Como a manga fez o seu caminho para o fim, quanto mais o termo “mindfuck” se tornou apropriado para ela. Eu estava ficando um pouco nervoso que talvez a série não revelasse diretamente como a mente de Isao foi parar no corpo de Mari. É claro que não vou estragar como aconteceu, mas a forma como é exposto, que é excelente para aqueles que poderiam ter sido incomodados se não o tivesse sido. Pelo que pude perceber, praticamente tudo se resolve até o final, mas encontrei alguns leitores que disseram estar decepcionados porque não tinham certeza de qual era o objetivo de tudo isso.
Para mim, na vida real, muitas coisas acontecem sem um ponto.

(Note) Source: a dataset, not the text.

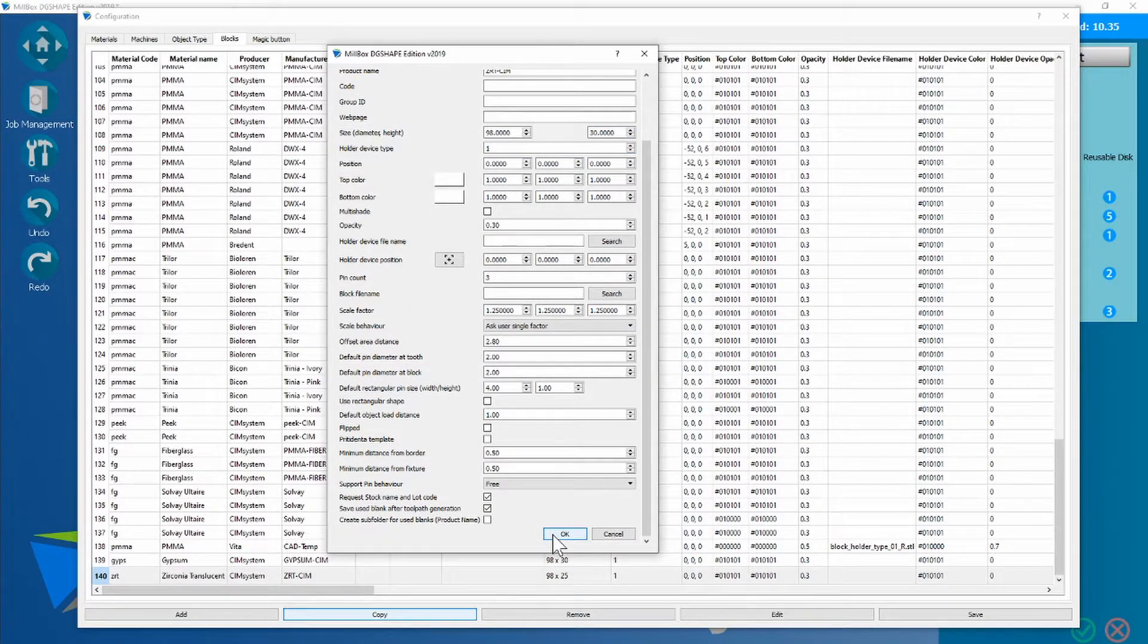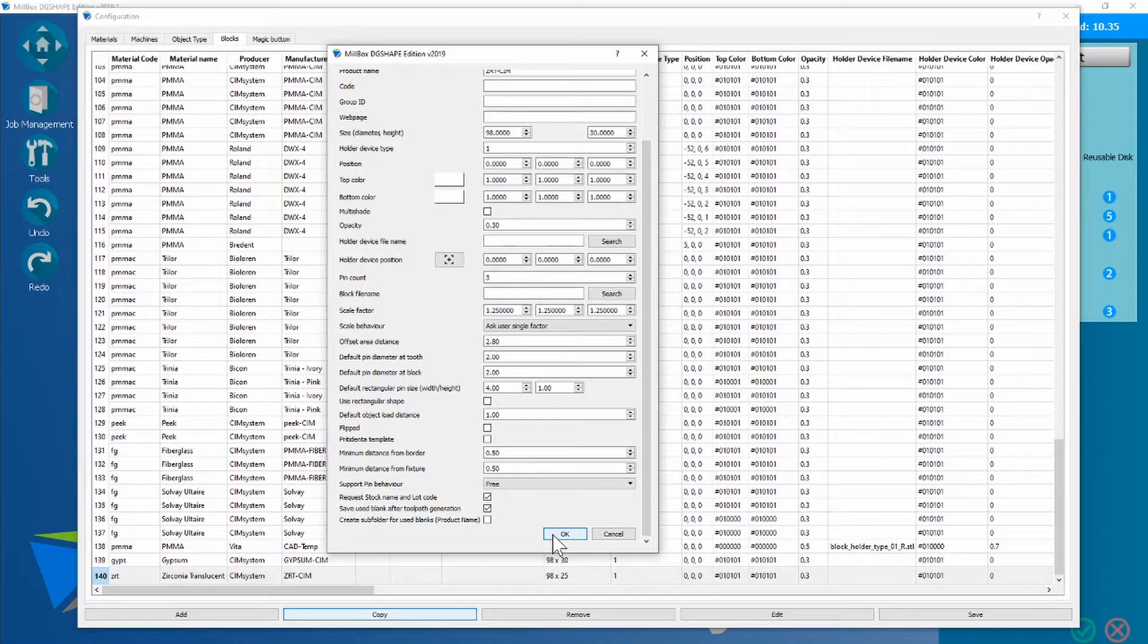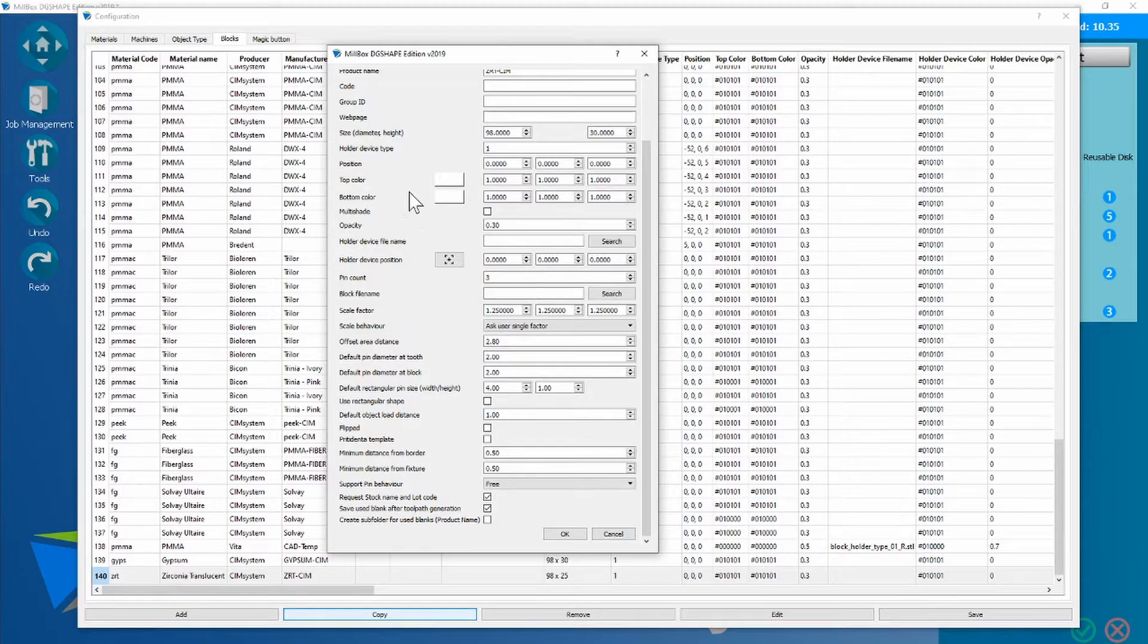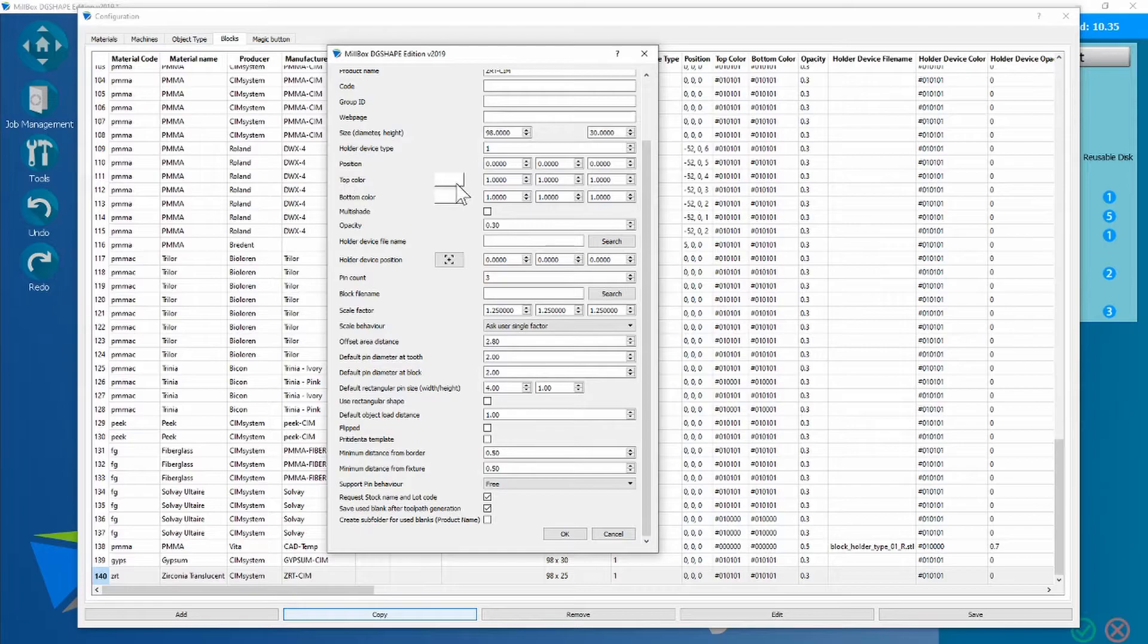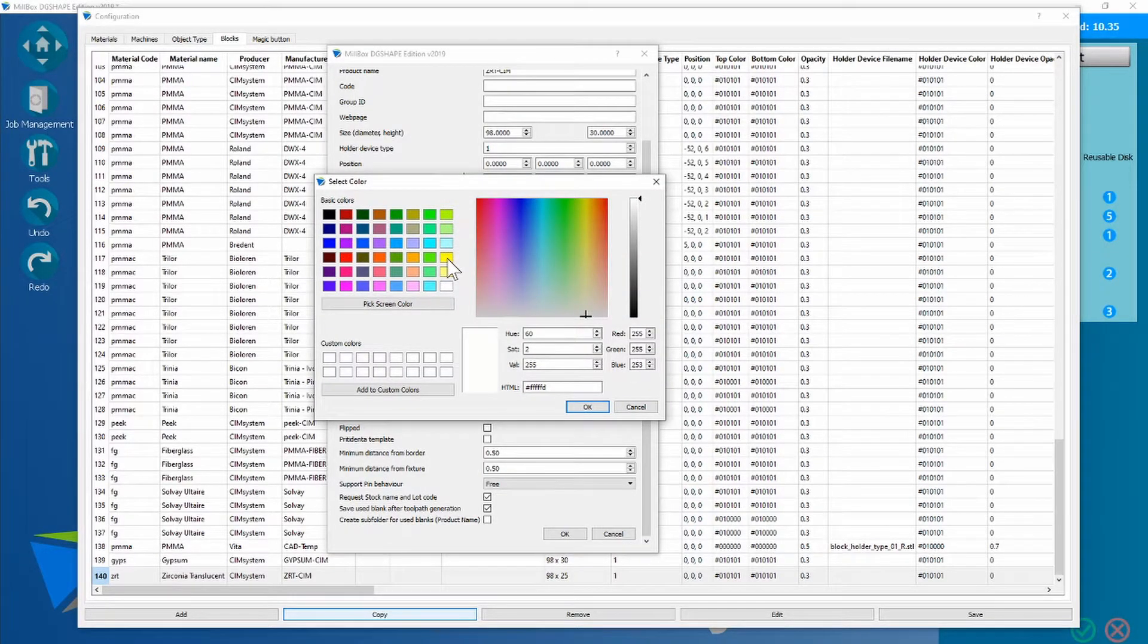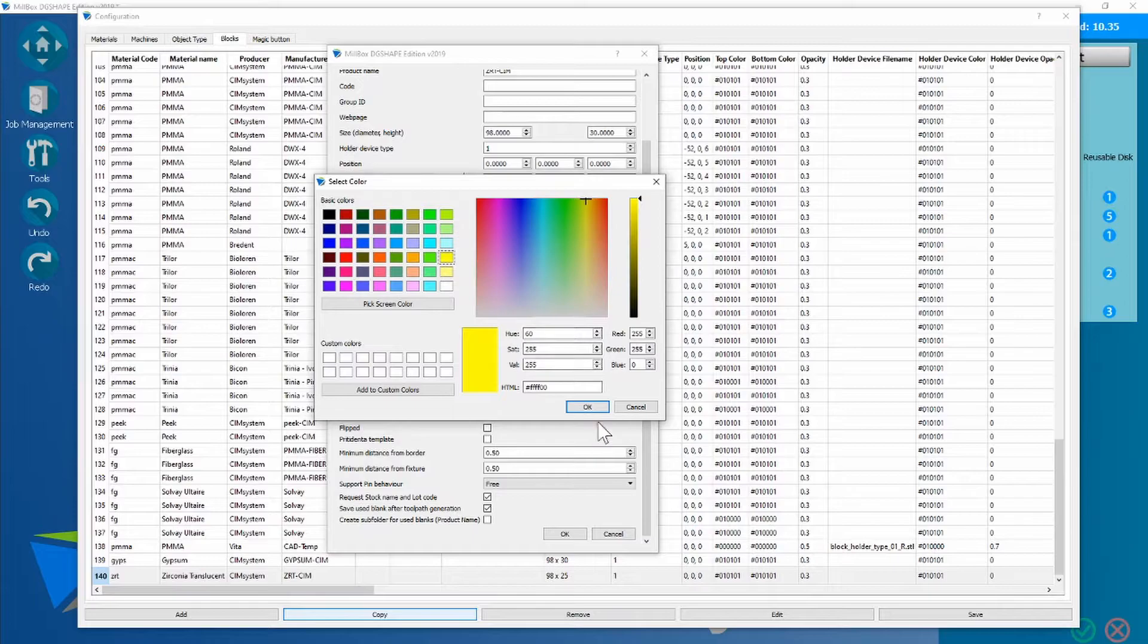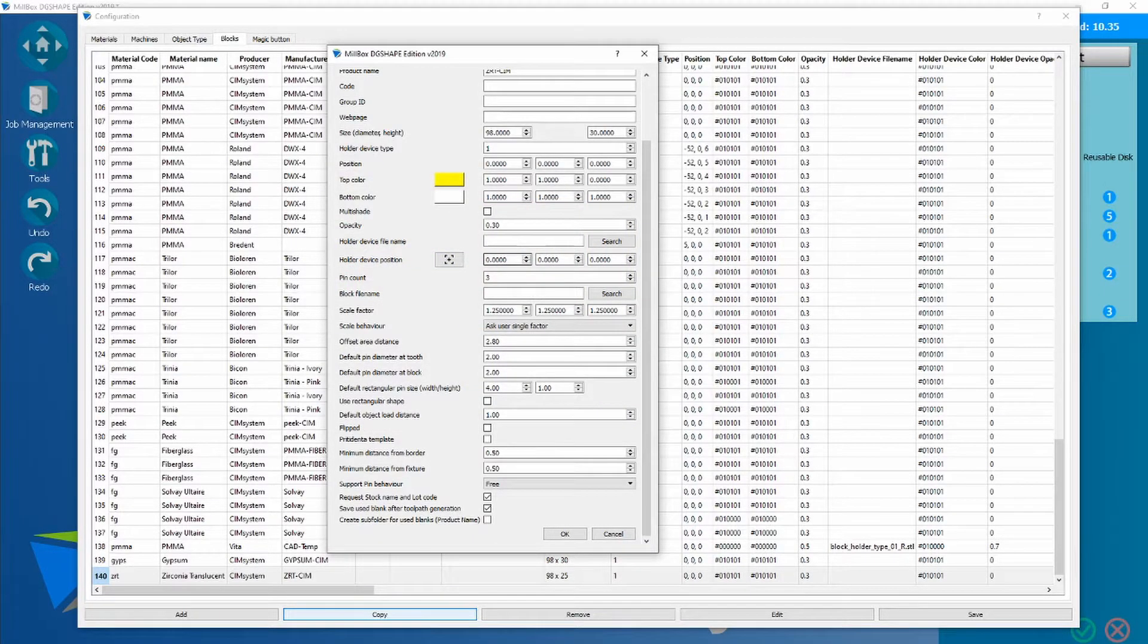So while we're here though, we could talk about creating multi-shaded disks as well. If you wanted a simple version of a multi-shaded disk in a graded style, you could choose this top color, choose something like a yellow, and press OK. This would create a disk in a graded format.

Não faço ideia de qual seja o objectivo de cometer a maioria dos crimes. Mas no caso desta mangá, acho que há um ponto. Mas antes de falar sobre isso, acredito que ao ler mangá ou qualquer ficção, geralmente há um ponto. Ainda assim, esse ponto muitas vezes não é alimentado com colher; muitas vezes, é apenas algo que o leitor inventa, e dependendo do que você leu, esse ponto pode chegar rapidamente a você ou às vezes você tem que pensar um pouco sobre isso. É verdade que este argumento não se aplica a tudo; alguma ficção pode apenas ter má escrita, claro.
Dizer que eu não acho que a existência de um “ponto” é o que deve fazer ou quebrar uma história; neste caso, esta foi uma história super bem contada com temas, e esses temas foram o ponto. Esta foi uma história sobre auto-atualização, gênero, rompendo com expectativas, suposições e projeções, despertar sexual, identidade, bullying escolar, agência, pressão de pares, abuso, amor condicional, chegar à idade, forjar seu caminho, retomar o controle de sua vida, etc.
Em alguns aspectos, a mangá me lembra um mockumentario de horror australiano chamado Lake Mungo, se alguém estiver interessado em algo semelhante. Eu também recomendaria dar uma olhada na crítica de Ryan Hollinger sobre The Saddest Horror Movie You’ve Never Seen.
Inside Mari teve um programa de TV de ação ao vivo, mas pelo que eu vi dele, ele simplesmente não bate as mesmas batidas de spine-chiller que o mangá tem de que Oshimi é um mestre.
E se você estiver interessado em ler isso, ele tem um lançamento em inglês pela Denpa Books.
Edit: Chegou ao meu conhecimento que Inside Mari também está disponível para ler no Crunchyroll se você tiver uma assinatura.